*** Block opens ***

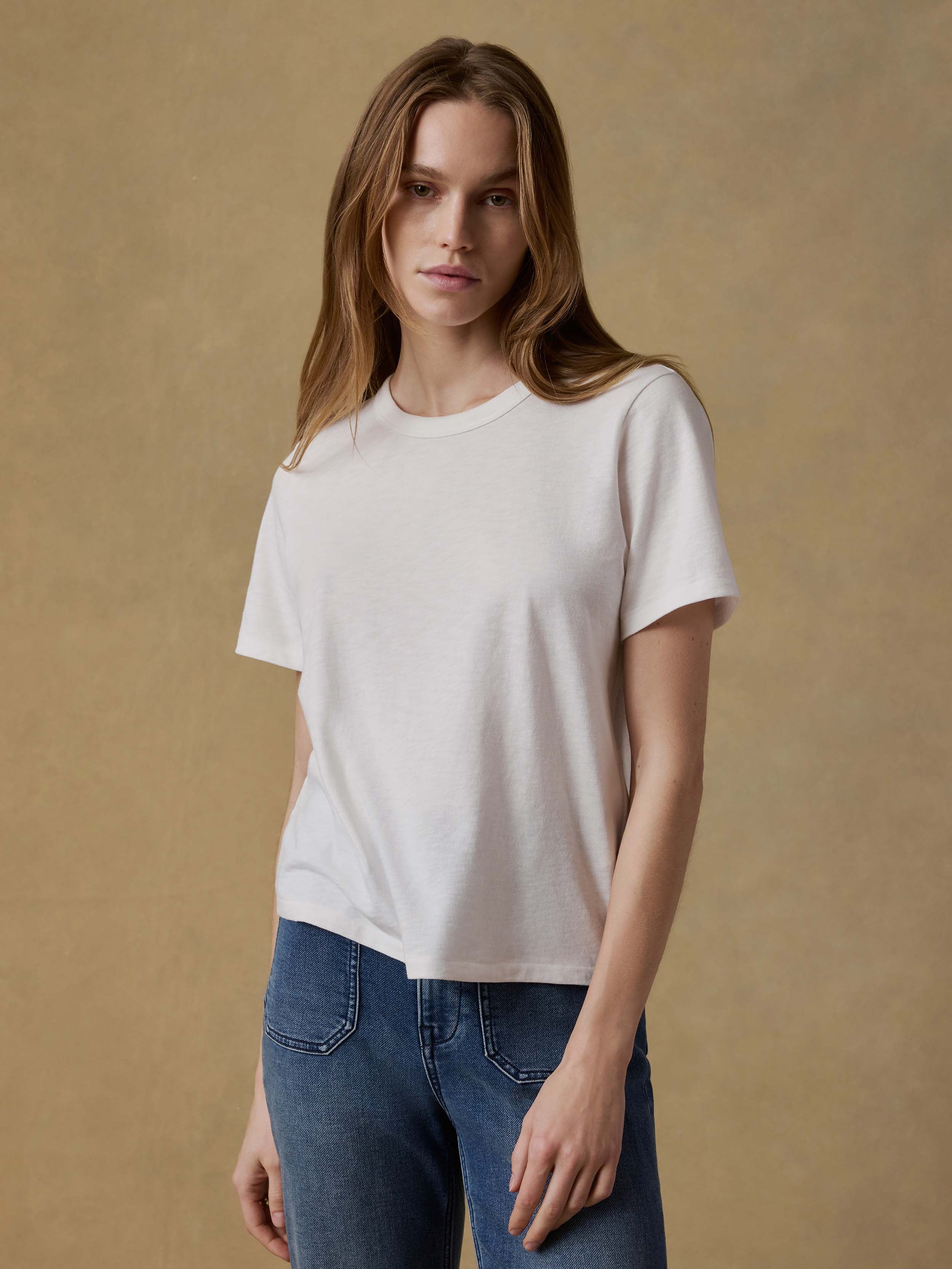 Sunwashed Regenerative Tee - White | Faherty Brand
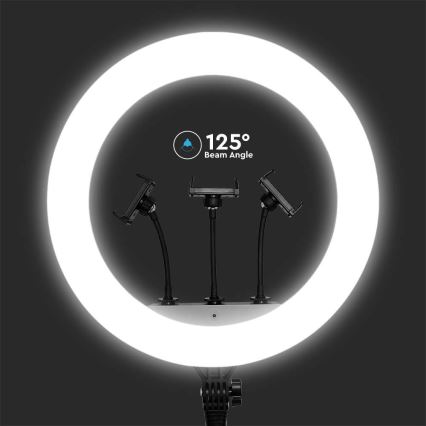 LED prigušiva lampa sa stalkom i držačem za vlogovanje LED/55W/230V CRI 90 + daljinski upravljač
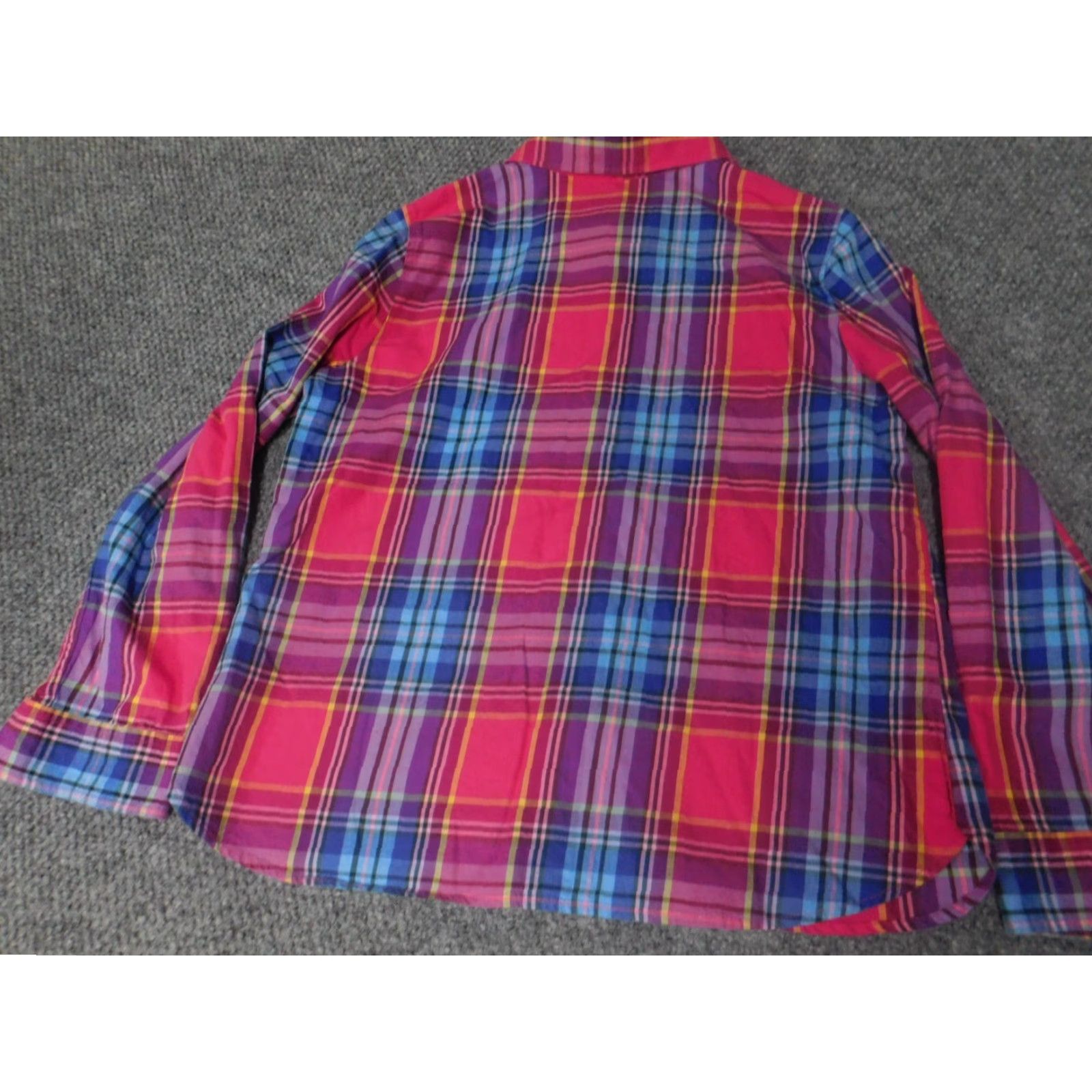 Talbots Talbots Womens Button-Up Blouse LP Petites Red Solid Knit Cotton Classic Fitted Sleeve Button-Up Casual Womens Size PL Size L / US 10 / IT 46 - 7 Thumbnail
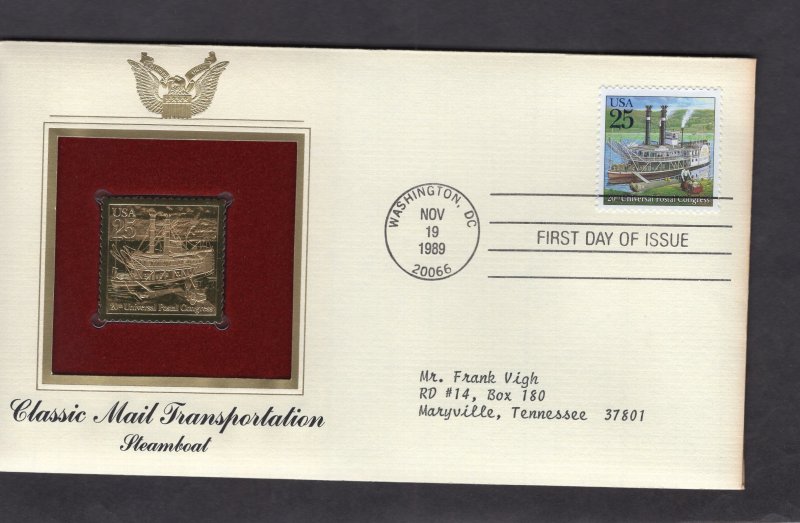 2435 Steamboat, FDC PCS Gold Replica addressed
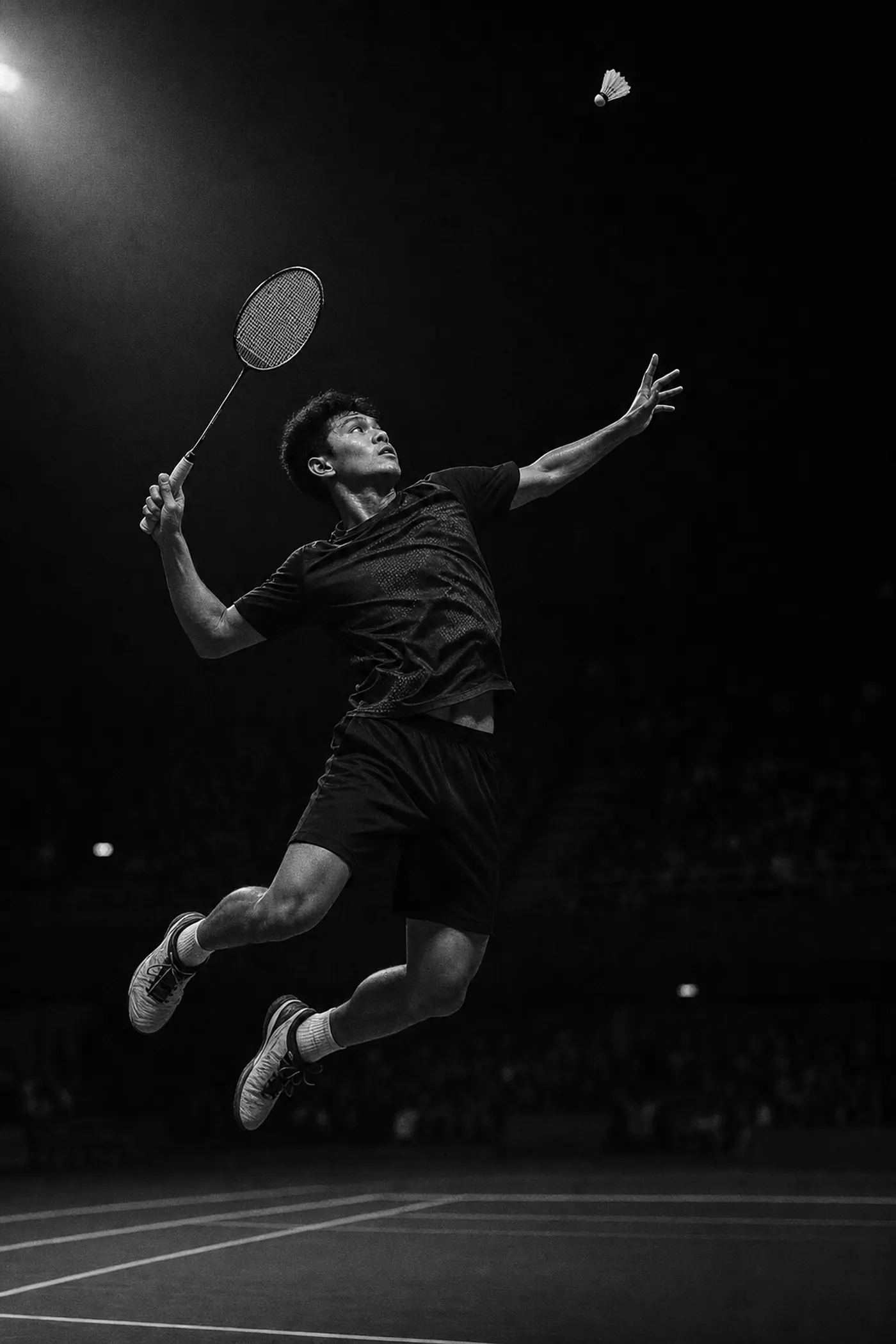 Badminton player leaping for an overhead smash in a dark arena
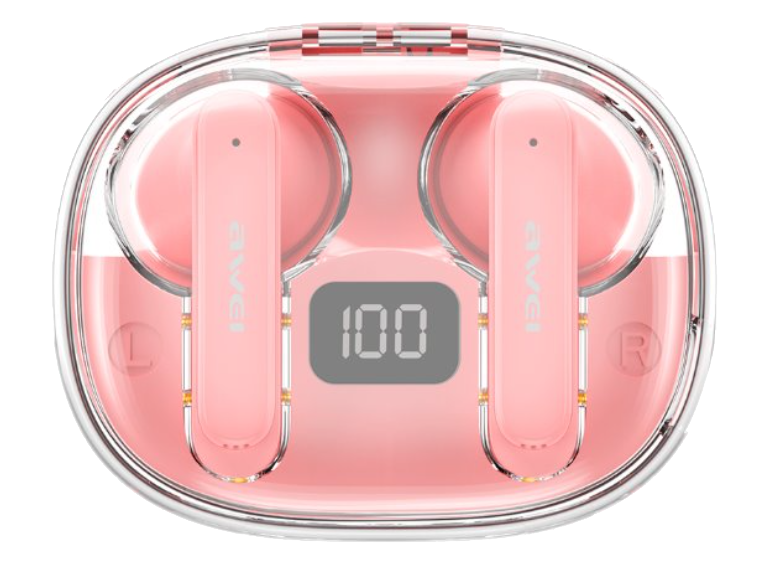 אוזניות Bluetooth אלחוטיות Awei TWS T86 ENC - צבע ורוד שנה אחריות ע"י היבואן הרשמי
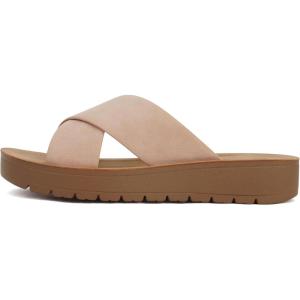 Soda LUCY ~ Women Open Toe Flatform Platform Crisscross Band Upper Fashion Slide Sandals(Blush Nubuck)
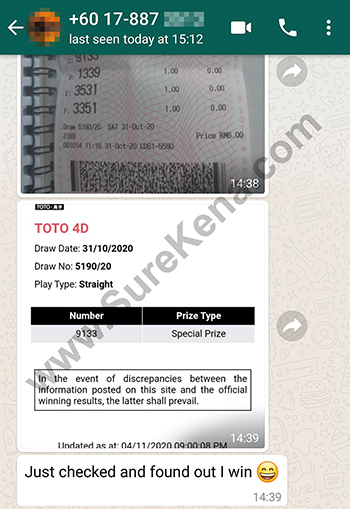 whatsapp lottery 4d win ticket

*** Block closes ***

Instructions to follow ->
Each line from the line containing "LED prigušiva lampa" through the last line above must be written out exactly, and every picture must be omitted.

Result of the exercise ->
 LED prigušiva lampa sa stalkom i držačem za vlogovanje LED/55W/230V CRI 90 + daljinski upravljač
 Talbots Talbots Womens Button-Up Blouse LP Petites Red Solid Knit Cotton Classic Fitted Sleeve Button-Up Casual Womens Size PL Size L / US 10 / IT 46 - 7 Thumbnail
 2435 Steamboat, FDC PCS Gold Replica addressed
 Badminton player leaping for an overhead smash in a dark arena
 אוזניות Bluetooth אלחוטיות Awei TWS T86 ENC - צבע ורוד שנה אחריות ע"י היבואן הרשמי
 Soda LUCY ~ Women Open Toe Flatform Platform Crisscross Band Upper Fashion Slide Sandals(Blush Nubuck)
 whatsapp lottery 4d win ticket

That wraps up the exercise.